Calculate Power Prior Beta

Description

Calculate a (potentially inverse probability weighted) beta power prior for the control response rate using external control data.

Usage

calc_power_prior_beta(external_data, response, prior)

Arguments

Details

Weighted participant-level response data from an external study are incorporated into an inverse probability weighted (IPW) power prior for the control response rate \theta_C. When borrowing information from an external control arm of size N_{EC}, the components of the IPW power prior for \theta_C are defined as follows:

Initial prior:

\theta_C \sim \mbox{Beta}(\nu_0, \phi_0)

IPW likelihood of the external response data \boldsymbol{y}_E with weights \hat{\boldsymbol{a}}_0:

\mathcal{L}_E(\theta_C \mid \boldsymbol{y}_E, \hat{\boldsymbol{a}}_0) \propto \exp \left( \sum_{i=1}^{N_{EC}} \hat{a}_{0i} \left[ y_i \log(\theta_C) + (1 - y_i) \log(1 - \theta_C) \right] \right)

IPW power prior:

\theta_C \mid \boldsymbol{y}_E, \hat{\boldsymbol{a}}_0 \sim \mbox{Beta} \left( \sum_{i=1}^{N_{EC}} \hat{a}_{0i} y_i + \nu_0, \sum_{i=1}^{N_{EC}} \hat{a}_{0i} (1 - y_i) + \phi_0 \right)

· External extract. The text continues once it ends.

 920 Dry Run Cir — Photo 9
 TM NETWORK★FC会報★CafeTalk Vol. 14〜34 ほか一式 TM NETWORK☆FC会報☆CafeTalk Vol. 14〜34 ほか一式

Defining the weights \hat{\boldsymbol{a}}_0 to equal 1 results in a conventional beta power prior.

Value

Beta power prior object

See Also

Other power prior: calc_power_prior_norm()

Examples

library(distributional)
library(dplyr)
# This function can be used directly on the data
calc_power_prior_beta(external_data = ex_binary_df,
  response = y,
  prior = dist_beta(0.5, 0.5))

# Or this function can be used with a propensity score object
ps_obj <- calc_prop_scr(internal_df = filter(int_binary_df, trt == 0),
  external_df = ex_binary_df,
  id_col = subjid,
  model = ~ cov1 + cov2 + cov3 + cov4)

calc_power_prior_beta(ps_obj,
  response = y,
  prior = dist_beta(0.5, 0.5))